Three days afterwards there was a dinner at the Lancastrian Suite in Dunston to mark the golden jubilee of Northern Cross, the newspaper of the Roman Catholic diocese of Hexham and Newcastle, at which the bishop had been clapped into the room to the tune of Wild Thing, by the Troggs.

The Rt Rev Kevin Dunn appeared neither wild nor even faintly narked. "It's certainly different," he said.

The night after that I was launching the Christmas tree festival at Bishop Auckland Methodist church, followed by what they called a "gourmet buffet". That grew on you, too.

Amid it all, there was just time for a quick Saturday lunch at The White Heifer That Travelled - there's a name to fill a column - on West Park, in Darlington.

West Park's new, an imaginative and idiosyncratically themed mix of housing and open space off the road out to Bishop. Once it was green belt, now green belt becomes noose. How long before Darlington and Bishop Auckland meet in the middle and Heighington - recently, if spuriously, named as Britain's best village - simply becomes the city centre?

The pub, built by Banks's and opened earlier this year, owes its name to the Darlington area's countrywide early-19th century dealings in prize cattle - Robert and Charles Colling, the Comet, the Durham ox.

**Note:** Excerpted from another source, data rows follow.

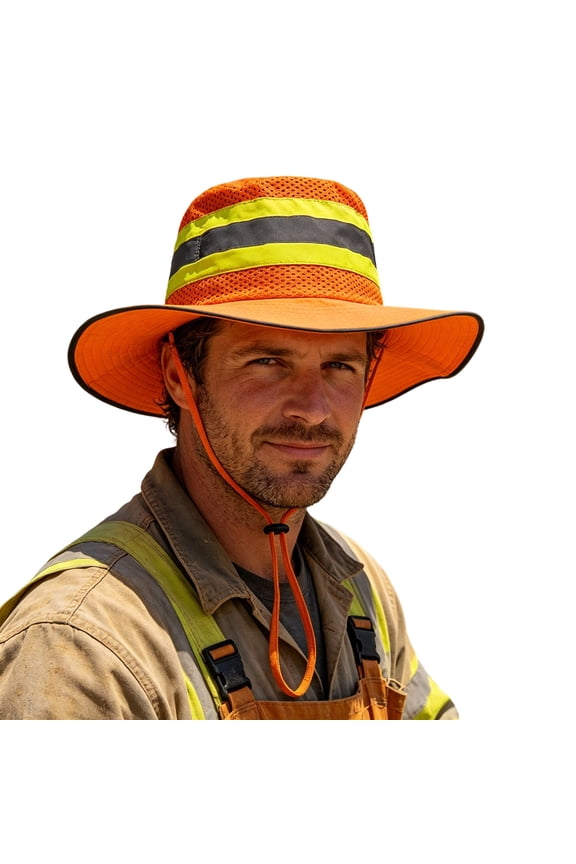 Reflective Sun Hat Wide Brim Hat with Adjustable Chin Strap High Visibility Camping Hat Breathable Mesh Boonie Hat for Construction Work Hiking Outdoor Labor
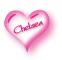pink heart with name Chelsea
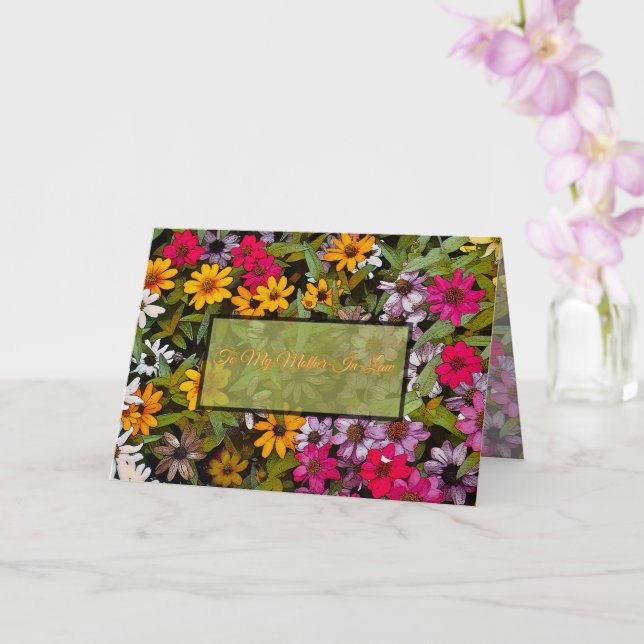 Carte À ma belle-mère / floral / Chanceux moi (Orchidée)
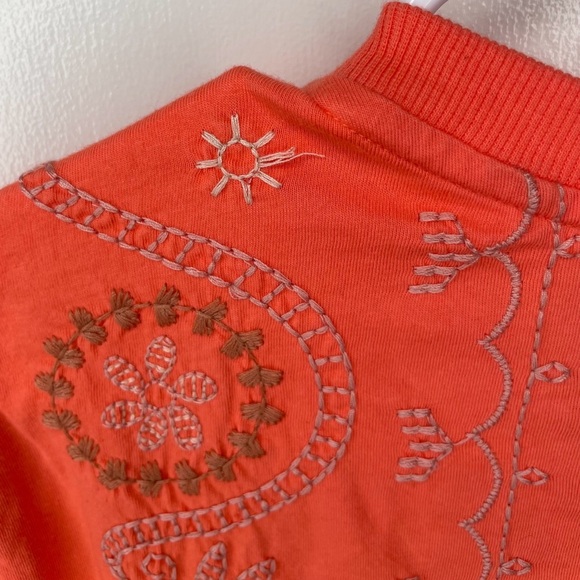 Johnny Was JWLA Faye Crew Neck Tee Size Small in Living Coral Boho Chic - Picture 9 of 12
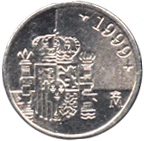 реверс 1 песета 1999 год Испания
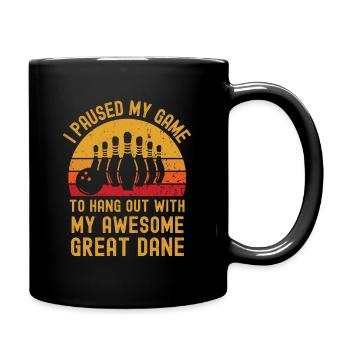 Bowling und Deutsche-Dogge - Tasse einfarbig - Schwarz - Rechts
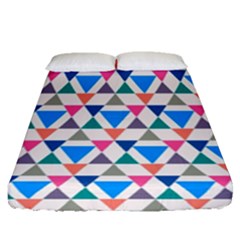 Multicolor Triangle Fitted Sheet (queen Size) by tmsartbazaar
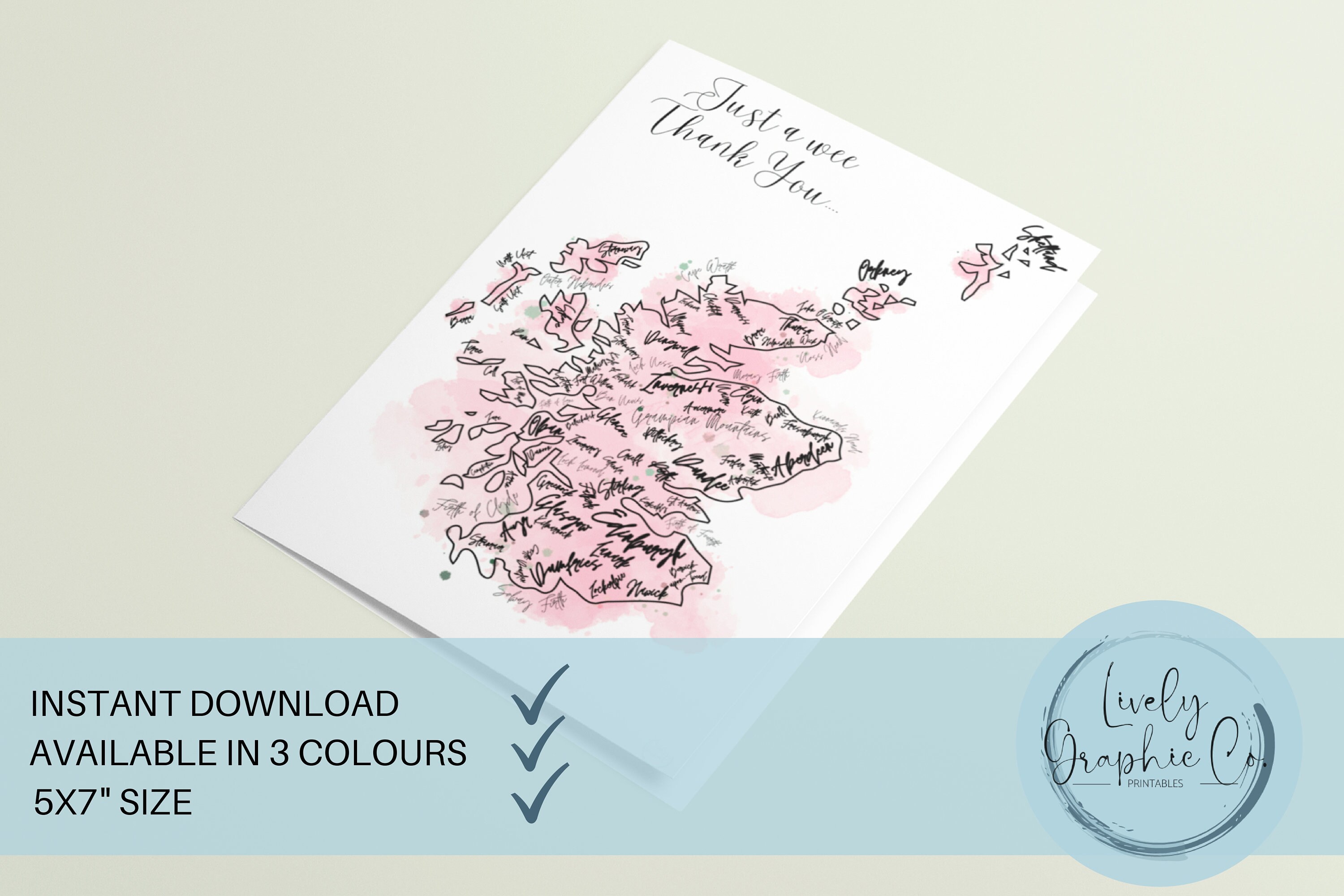 Scottish Thank You Card, Scotland Map Print, Scottish Greetings Card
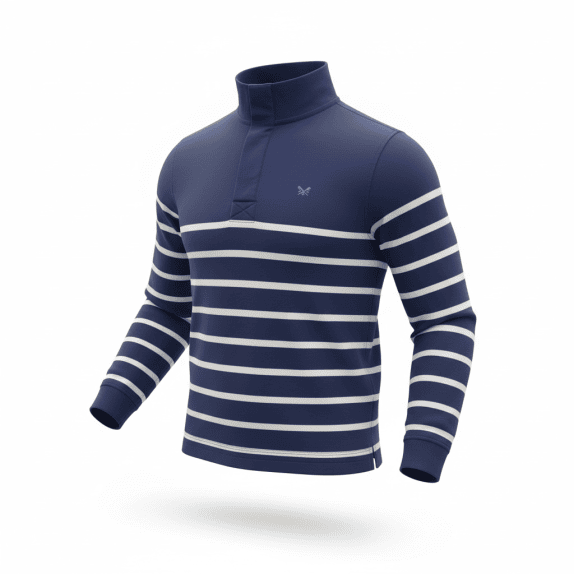 VINTAGE CREW CLOTHING COMPANY maglia con bottoni a righe blu da uomo M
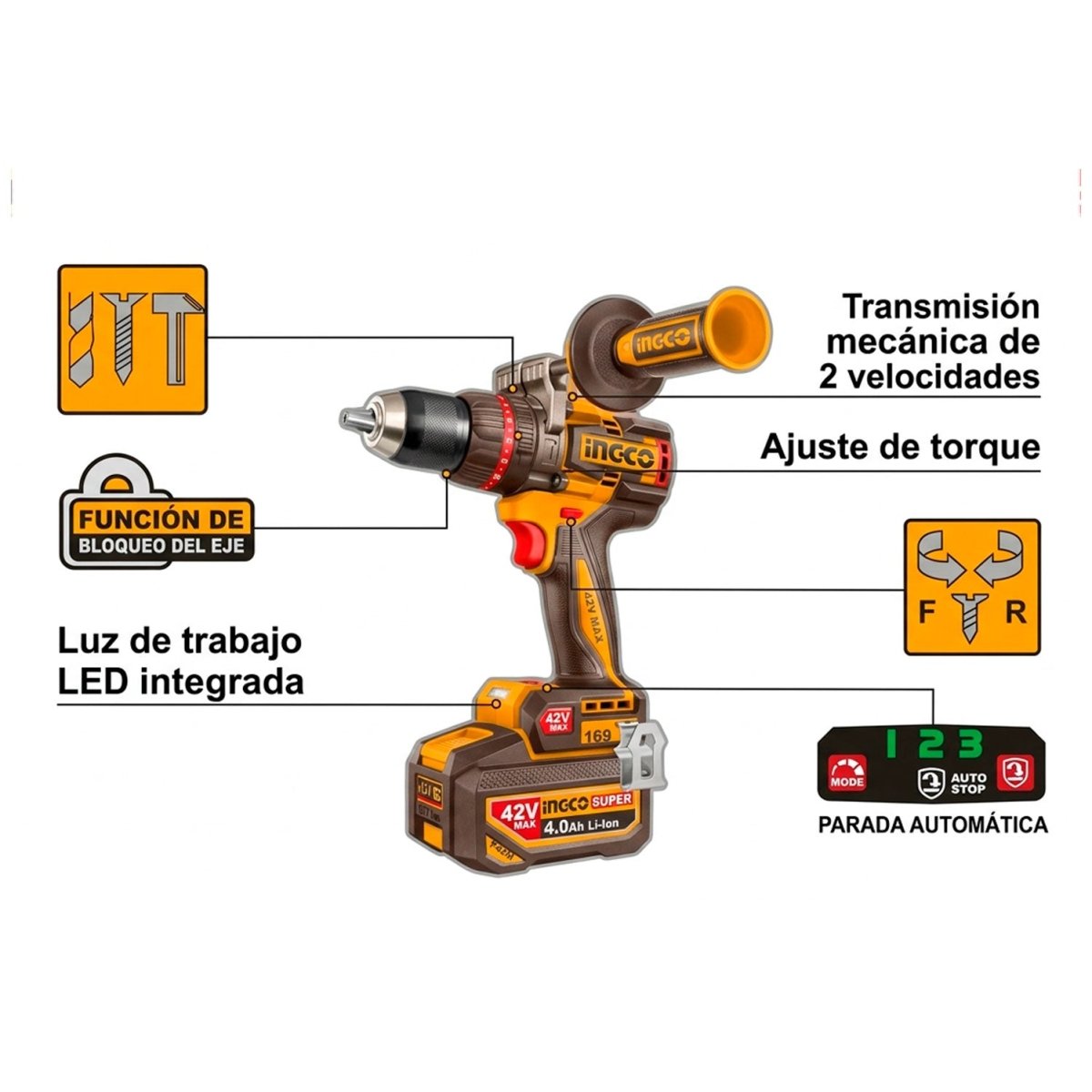 Taladro de Impacto M1/2 42V 169Nm 2300Rpm INGCO UCIDLI4216982 - MARKEMSTORE - Taladros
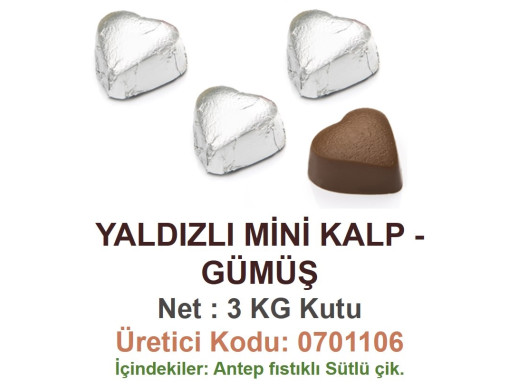 Mld Yaldızlı Mini Kalp  Gümüş 3 kg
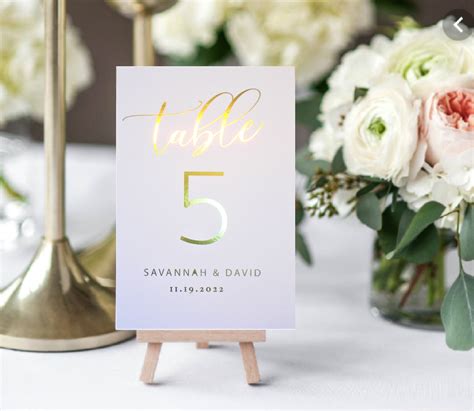 Gold Foil Table Place Card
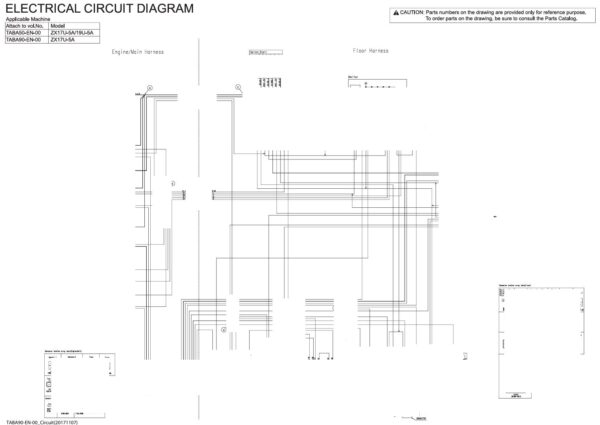 Electrical & Hydraulic Circuit Diagram Hitachi ZX17U-5A, ZX19U-5A | TABA90-EN-00 (2019.11.06)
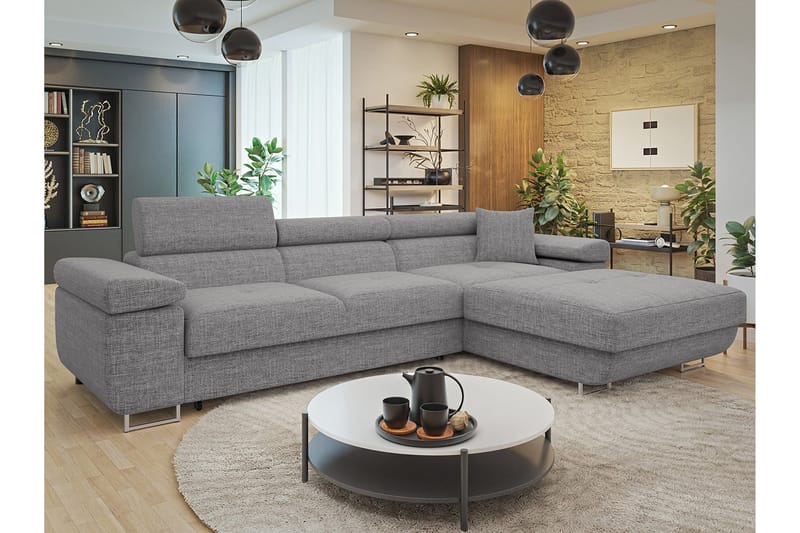 Gabina Sofa med Divan 3-seter - Grå - Møbler - Sofaer - Sofa med sjeselong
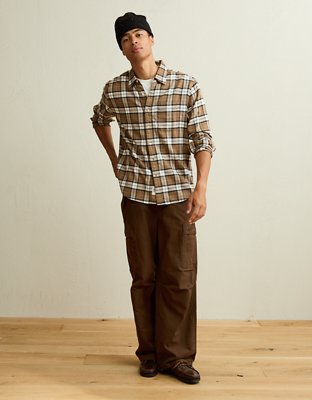 AE Standard Fit Flannel Button-Up Shirt
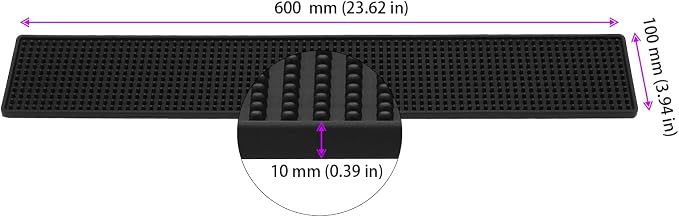 FUNSUEI 5 PCS 4 x 24 Inch Black Rubber Bar Mats, Rubber Bar Service Spill Mat - Image 2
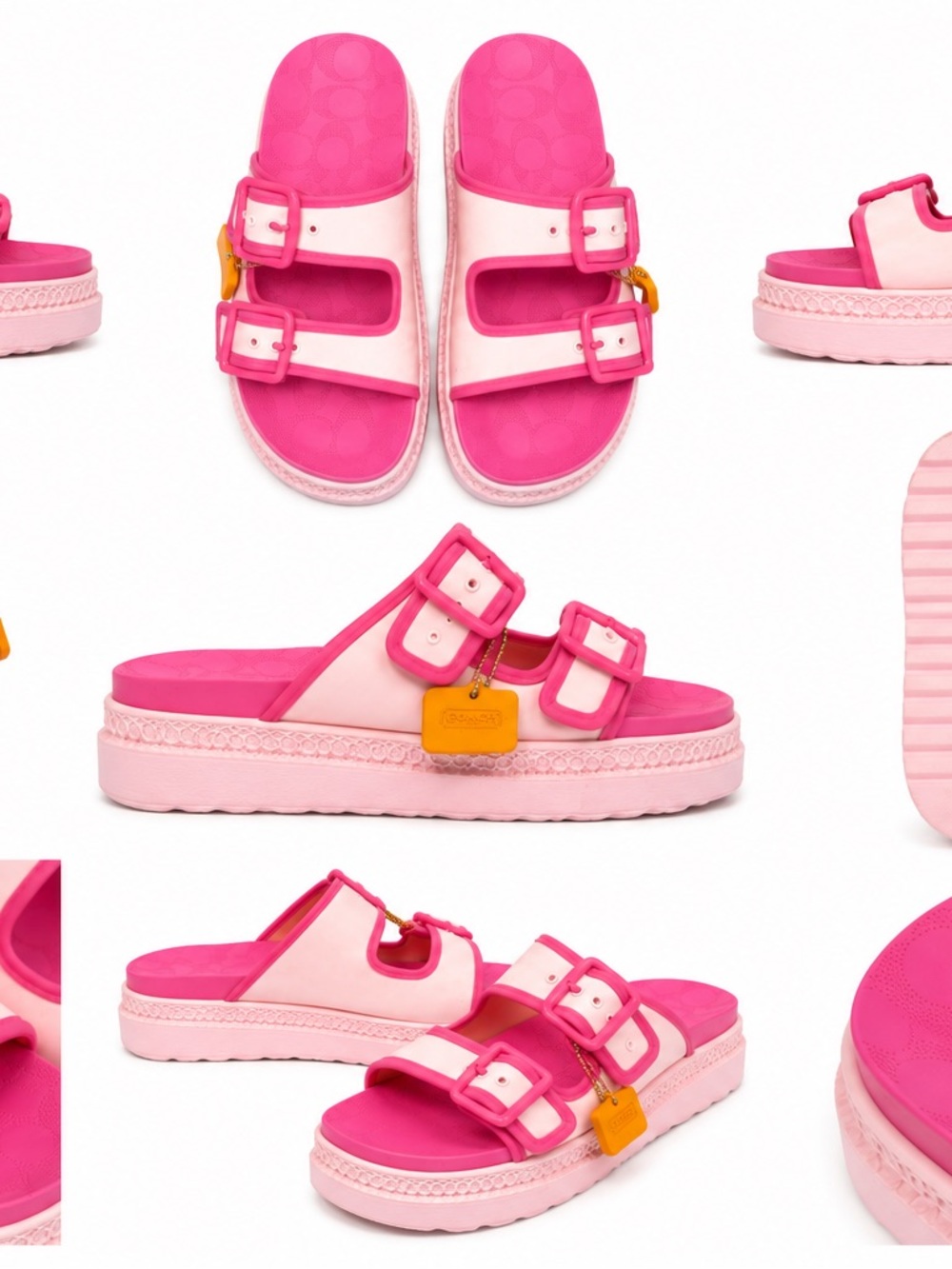 Coach Pink Slide Sandals Size 8 - Picture 3 of 4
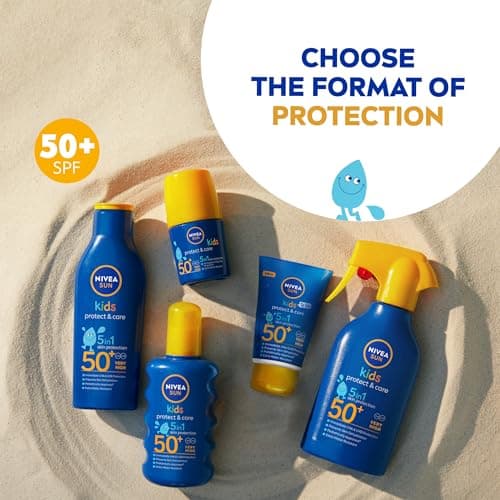 NIVEA Sun Kids Protect & Care To Go SPF 50+ Lotion (50ml), Moisturising Kids Sun Cream Immediately Protects Delicate Skin Against Sunburn and Long-Term UV Damage, Fast-Absorbing No White Cast Formula — view 4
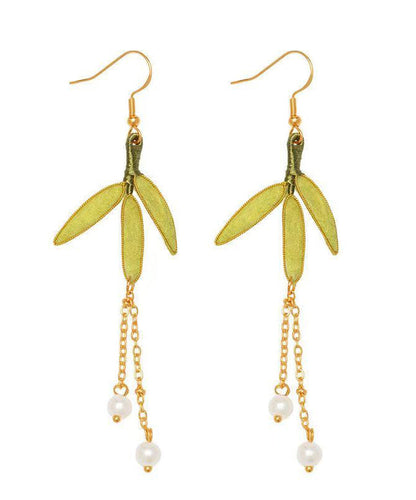 Chinese Style Green Sterling Silver Overgild Pearl Velvet Drop Earrings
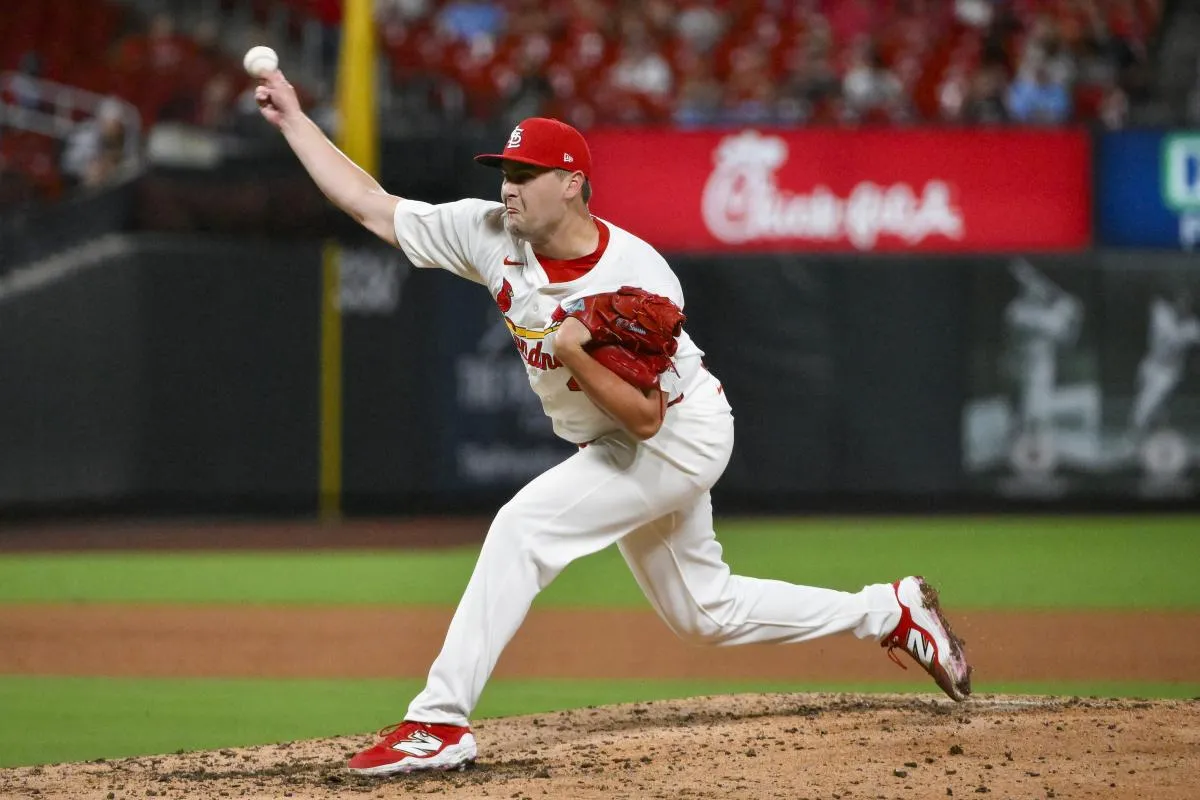 St. Louis Cardinals relief pitcher Matt Svanson (49) pitches against the Colorado Rockies during the seventh inning at Busch Stadium.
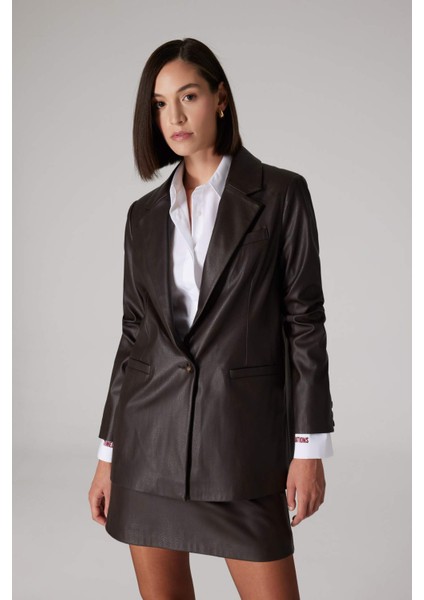 X Sorbe OversizeGeniş Kalıp Ceket Yaka Suni Deri Düğmeli Blazer Ceket D9714AX24AU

It's formulaic but attractively done, five weeks to go and already twinkling for Christmas. Outside, a large sign promises the coldest beer in town, as if it were an incentive and not the perishing opposite. The smokers' patio, the fag end, stands desolate beneath nicotine November clouds. We're served by a nice lass, whom the till identifies as Tanya, who calls everyone "Darling" or "Lovey", except when there's a rush on and they become "Darl" for short.

The till, one of those clever-clogs computerised jobs, seems to be doing all right until someone asks if they can have garlic instead of Caesar sauce, upon hearing which it groans like Marley's ghost.

Periodically there's a sort of "Bing-bong" noise, too. Seasoned travellers would expect it to be followed by "attention train crew, disabled passenger alarm operated" and to be repeated about 30 times.

So how do you set out your stall to get folk into a new pub? Offer half-price weekend food before noon, do all-day "Curry club" meals for £4.95 - including a pint of lager - dangle two courses for £3.95 or "mega-meals", great overweight platters with 1lb of chips for around £8. They're all there.

How do you overturn the stall? Have laminated menus that appear not to have been wiped since the day the pub opened, tables which similarly need a howking, paper napkins which are taken away after every course and not replaced after any of them.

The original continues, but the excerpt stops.